Ya i do leave when i get full but should we be allowing them to force us to block our rear window and 2 side rear windows? I dont have blindspot mirrors so seems a tad unsafe and im sure amazon corporate wouldn't want that liability?


----------



## Sweitzeram (Mar 26, 2016)

I have done well over 50 blocks in Phoenix and 3 so far this week.. I have never had close to that many packages.. The most I remember was when I had an area in Ahwatukee and had just over 50.. Usually they are around 40 and this week I had one with only 15 (all the the same apartment complex) and another with 26. Luck of the draw I guess.


----------



## AdamBennett (Jun 24, 2016)

Oh I should make myself more clear I'm actually talking tolleson warehouse


----------



## gaj (Nov 11, 2014)

I have been in the 50-60 range the past few weeks out of Sky Harbor (DPX1) Phoenix. Used to be 40ish a month or two ago. Had 66 today.

Sweitzeram- Which warehouse and time blocks are you getting these small number of packages?

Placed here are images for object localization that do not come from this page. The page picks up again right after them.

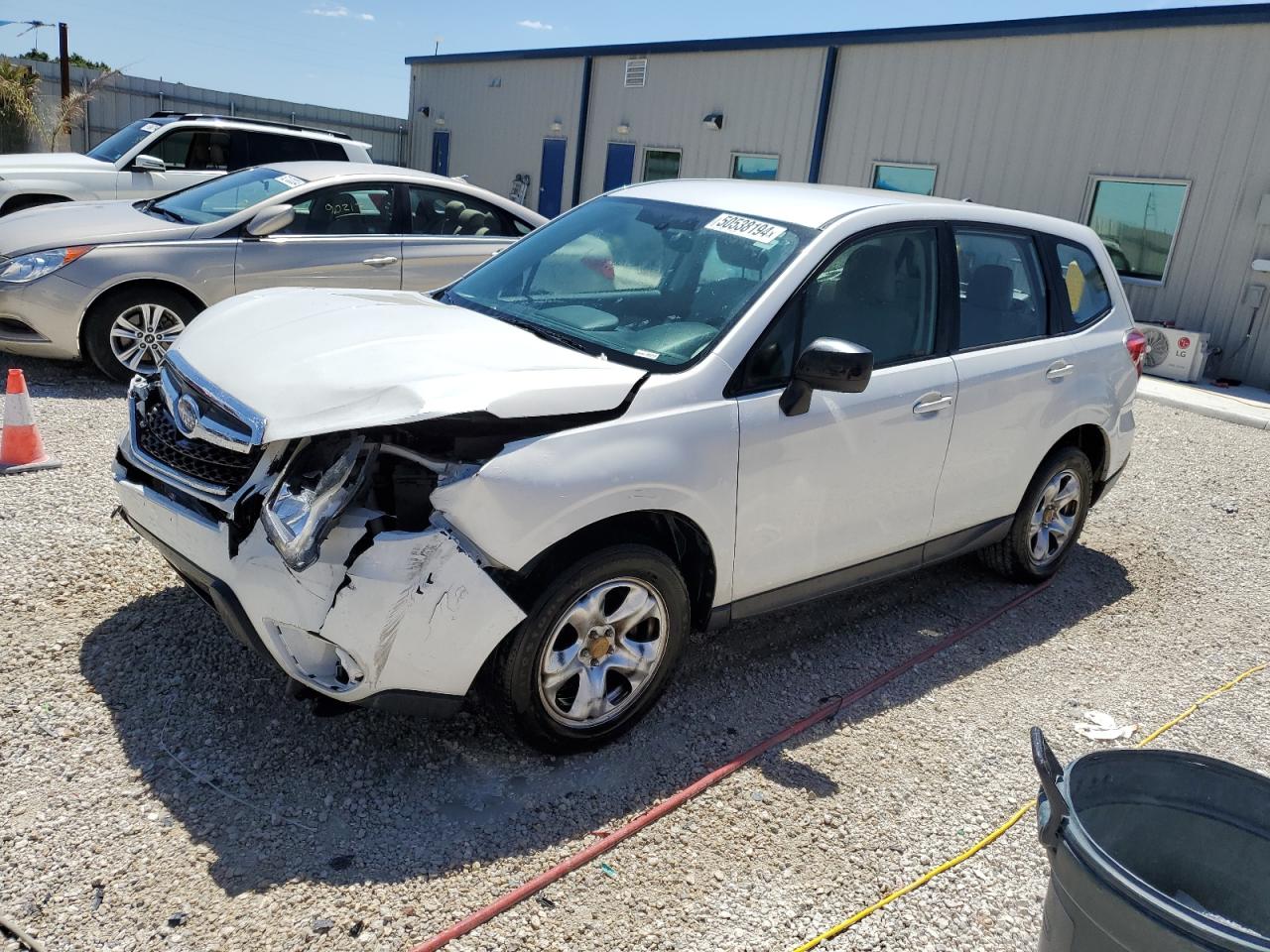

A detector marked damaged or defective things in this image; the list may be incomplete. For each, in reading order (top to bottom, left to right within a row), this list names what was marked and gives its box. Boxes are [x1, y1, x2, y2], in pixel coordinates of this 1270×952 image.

crumpled hood [0, 151, 109, 173]
crumpled hood [0, 198, 192, 254]
crumpled hood [171, 286, 643, 442]
broken headlight [260, 434, 375, 567]
crushed front end [111, 353, 524, 718]
damaged white suv [111, 180, 1143, 750]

The only time I got a small number of pacakages (25) it was a 4pm block last week that only paid 3 hours 

g


----------



## Shangsta (Aug 15, 2016)

AdamBennett said:


> Ya i do leave when i get full but should we be allowing them to force us to block our rear window and 2 side rear windows? I dont have blindspot mirrors so seems a tad unsafe and im sure amazon corporate wouldn't want that liability?

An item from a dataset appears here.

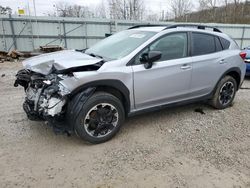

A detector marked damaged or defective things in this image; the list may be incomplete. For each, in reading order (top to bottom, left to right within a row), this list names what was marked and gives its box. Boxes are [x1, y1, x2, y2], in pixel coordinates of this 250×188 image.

crumpled hood [22, 50, 102, 75]
damaged front end [14, 68, 69, 120]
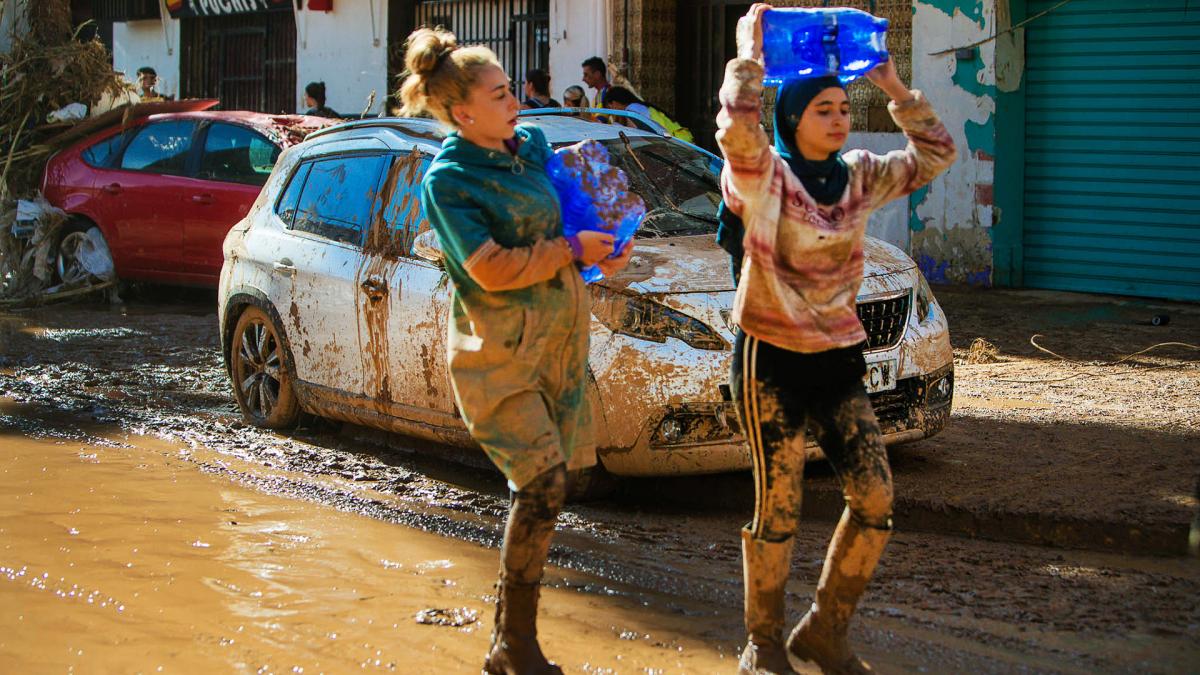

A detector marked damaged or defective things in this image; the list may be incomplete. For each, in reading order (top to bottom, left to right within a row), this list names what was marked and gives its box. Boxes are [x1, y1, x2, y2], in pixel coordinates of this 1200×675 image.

Explain that to them once you fill it to the rear view mirror, the warehouse people aren't going to make you drive dangerously like that. You just have to speak up.


----------



## AdamBennett (Jun 24, 2016)

Shangsta said:


> Explain that to them once you fill it to the rear view mirror, the warehouse people aren't going to make you drive dangerously like that. You just have to speak up.

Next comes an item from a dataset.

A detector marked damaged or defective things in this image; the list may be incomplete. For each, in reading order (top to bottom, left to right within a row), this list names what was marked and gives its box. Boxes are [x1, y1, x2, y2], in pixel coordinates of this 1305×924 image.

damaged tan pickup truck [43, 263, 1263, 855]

Ya i tried exactly that and the manager came out to me and said you can goto the ceiling you have side mirrors and i beleive your prius has a backup cam (which it doesnt) and made me fill to the roof anyways


----------



## Shangsta (Aug 15, 2016)

AdamBennett said:


> Ya i tried exactly that and the manager came out to me and said you can goto the ceiling you have side mirrors and i beleive your prius has a backup cam (which it doesnt) and made me fill to the roof anyways


Yup there are some managers who try to be tough guys but stand your ground trust me. Until he offers to take the packages back and have you forfeit your block you have nothing to lose.


----------



## Sweitzeram (Mar 26, 2016)

gaj said:


> I have been in the 50-60 range the past few weeks out of Sky Harbor (DPX1) Phoenix. Used to be 40ish a month or two ago. Had 66 today.
> 
> Sweitzeram- Which warehouse and time blocks are you getting these small number of packages?
> 
> ...


I am also at DPX1.. Today I had 47. I have noticed that the later the block I get the less likely I am to get a smaller load. I usually end up with a 10am block.


----------



## Lov3ly (Apr 25, 2017)

I am at the Tolleson location (PHX8). I have had almost 50 packages at one time. I got the 0830 slot and I don't see alot of boxes. Nice routes. The 1030 block which I have today I usually get larger loads. My partner had a run the other day and she said they gave her almost 50 too. She said her phone started tripping bc it was too hot and she lost all her scans. She started complaining and the girl took half her load away for her. I heard it just depends who is out there. I don't see blue vest. If they suppose to have it on, I don't see them with it. I see alot of yellow or orange tho...


----------



## oicu812 (Aug 29, 2016)

There is no laws in most states that your rearview mirror can't be obstructed. Side mirrors are different.


----------